Content starts

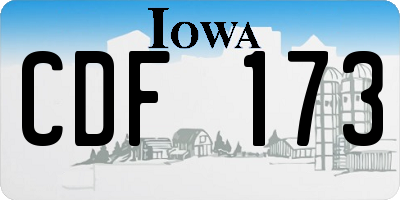 IA license plate CDF173
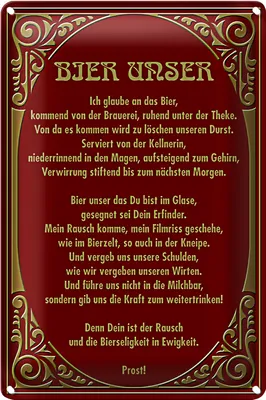 Produktbild von Blechschild 20x30cm Prost Bier unser
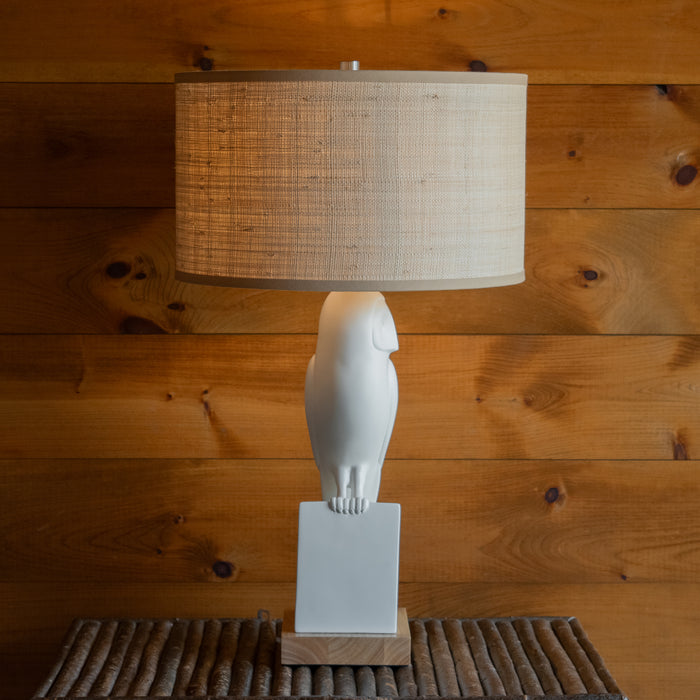 White Owl Sculpture Table Lamp with Grasscloth Shade, Profile View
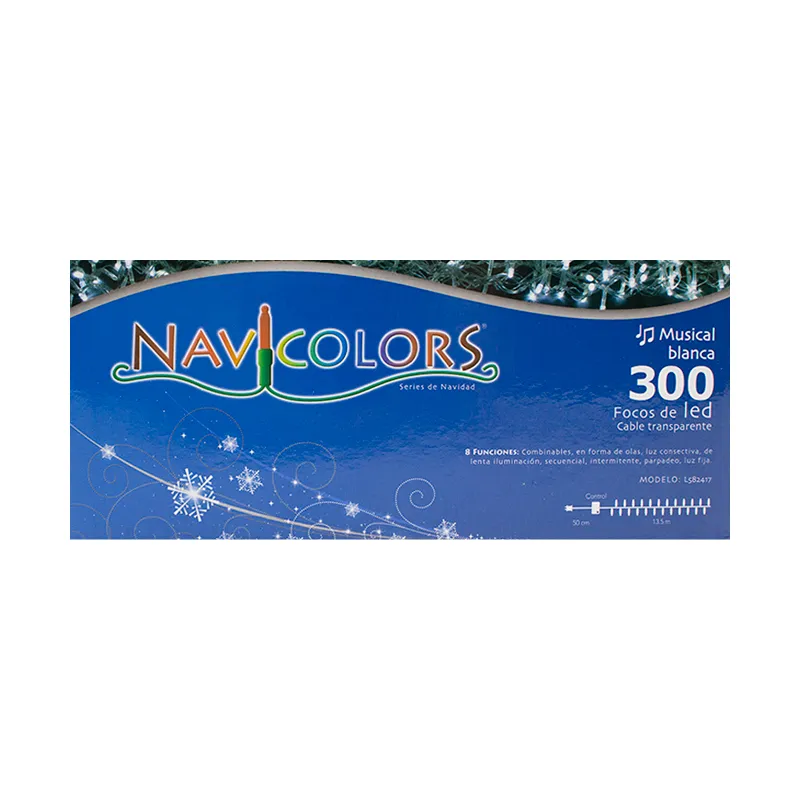 Serie Navideña Musical 300 Led Luz Blanca 14 Mts 8 Funciones - Image 7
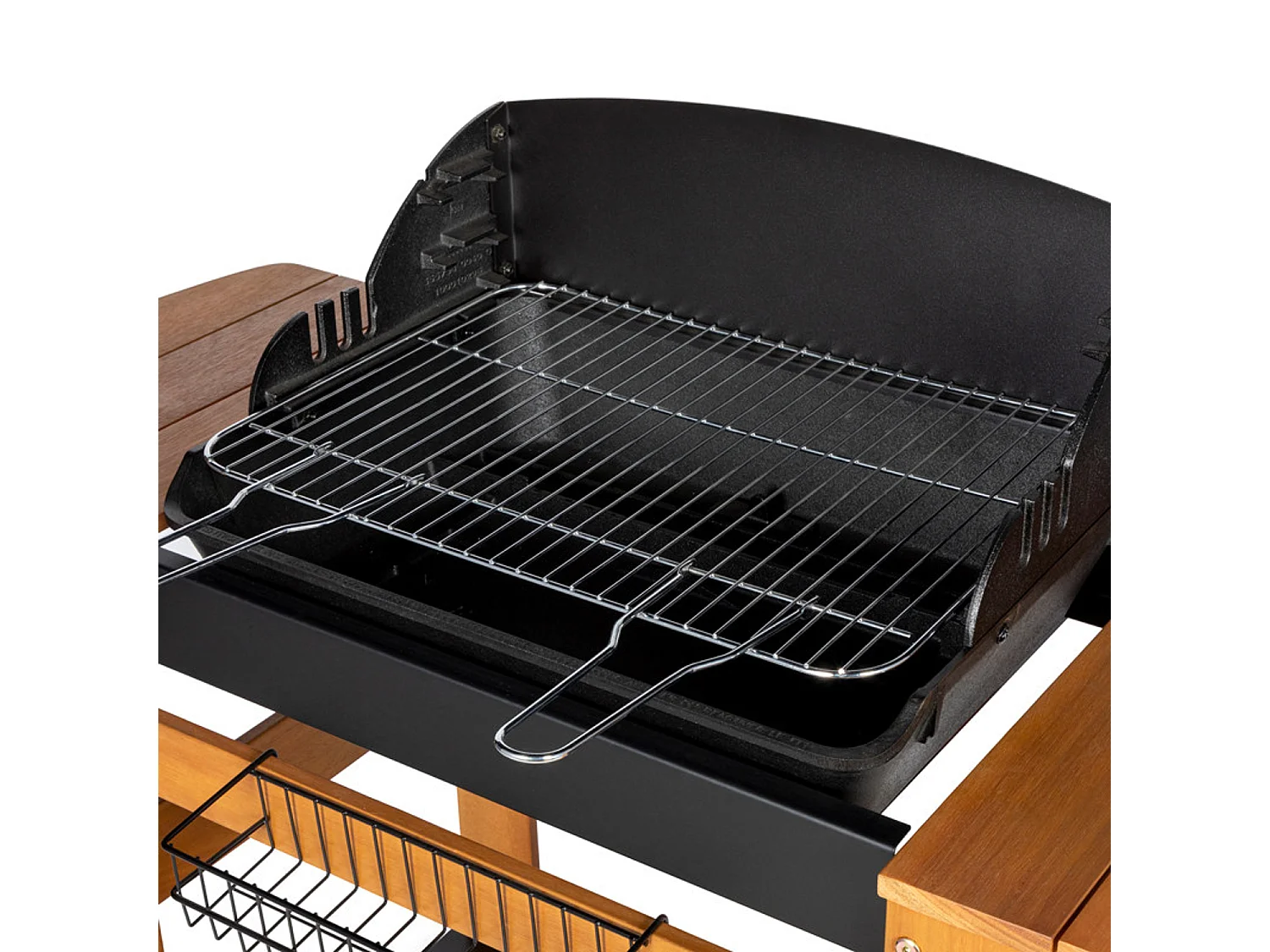 Barbecue au charbon + chariot bois, SENLIS - SOMAGIC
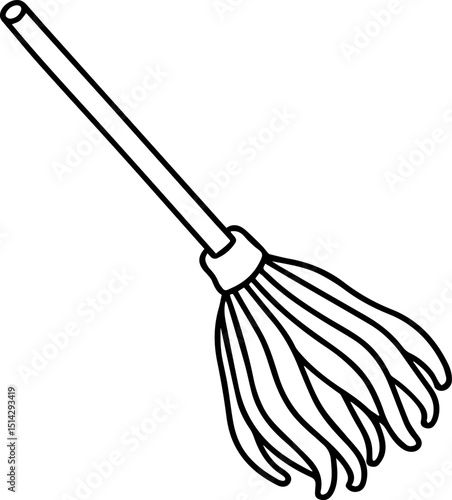 Dry mop black outline vector and illustration, coloring book page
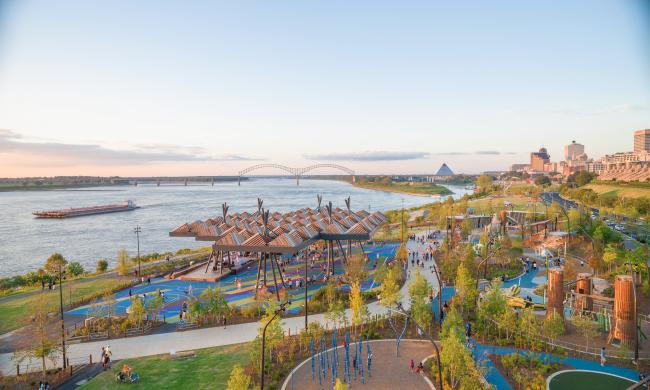 Aerial view of Tom Lee Park, the Mississippi River and the downtown Memphis skyline.
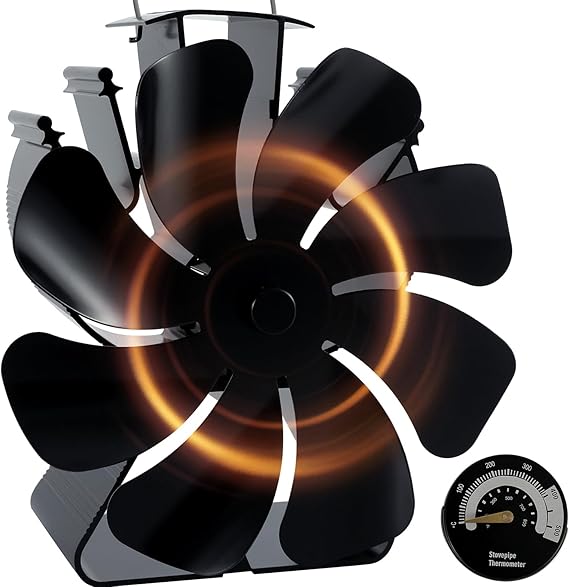 8 Blades Log Burner Stove Fan with Thermometer Heat Powered Wood Burner Fireplace Fan Triangle Base Fire Fans for Fireplace/Log Burner/Wood Burning Stove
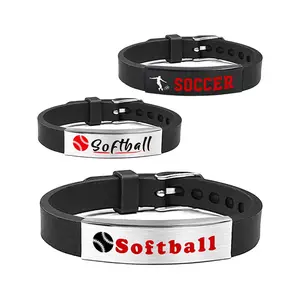 Ywganggu Personnalisez les bracelets en silicone Jeu de balle en argent brossé Bracelet d'impression Uv de sport réglable en acier inoxydable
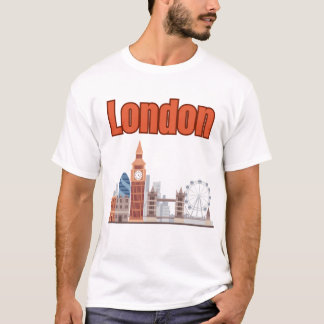 T-shirt homme Londres Skyline Gros Caractère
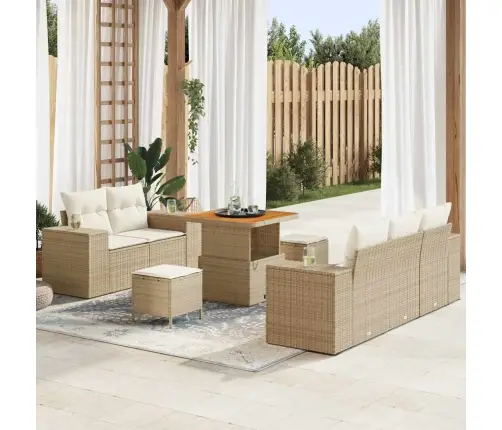 Dārza Dīvānu Komplekts 8 Pcs Bēša Un Krēmkrāsa 80 X 80 X 71 Cm Vidaxl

Content ends

→ **Task goal**:
Exactly reproduce the entries above, minus the pictures.

→ **Written answer**:
 IA license plate CDF173
 Produktbild von Blechschild 20x30cm Prost Bier unser
 White Owl Sculpture Table Lamp with Grasscloth Shade, Profile View
 Serie Navideña Musical 300 Led Luz Blanca 14 Mts 8 Funciones - Image 7
 Barbecue au charbon + chariot bois, SENLIS - SOMAGIC
 Dry mop black outline vector and illustration, coloring book page
 Aerial view of Tom Lee Park, the Mississippi River and the downtown Memphis skyline.
 8 Blades Log Burner Stove Fan with Thermometer Heat Powered Wood Burner Fireplace Fan Triangle Base Fire Fans for Fireplace/Log Burner/Wood Burning Stove
 Ywganggu Personnalisez les bracelets en silicone Jeu de balle en argent brossé Bracelet d'impression Uv de sport réglable en acier inoxydable
 T-shirt homme Londres Skyline Gros Caractère
 Dārza Dīvānu Komplekts 8 Pcs Bēša Un Krēmkrāsa 80 X 80 X 71 Cm Vidaxl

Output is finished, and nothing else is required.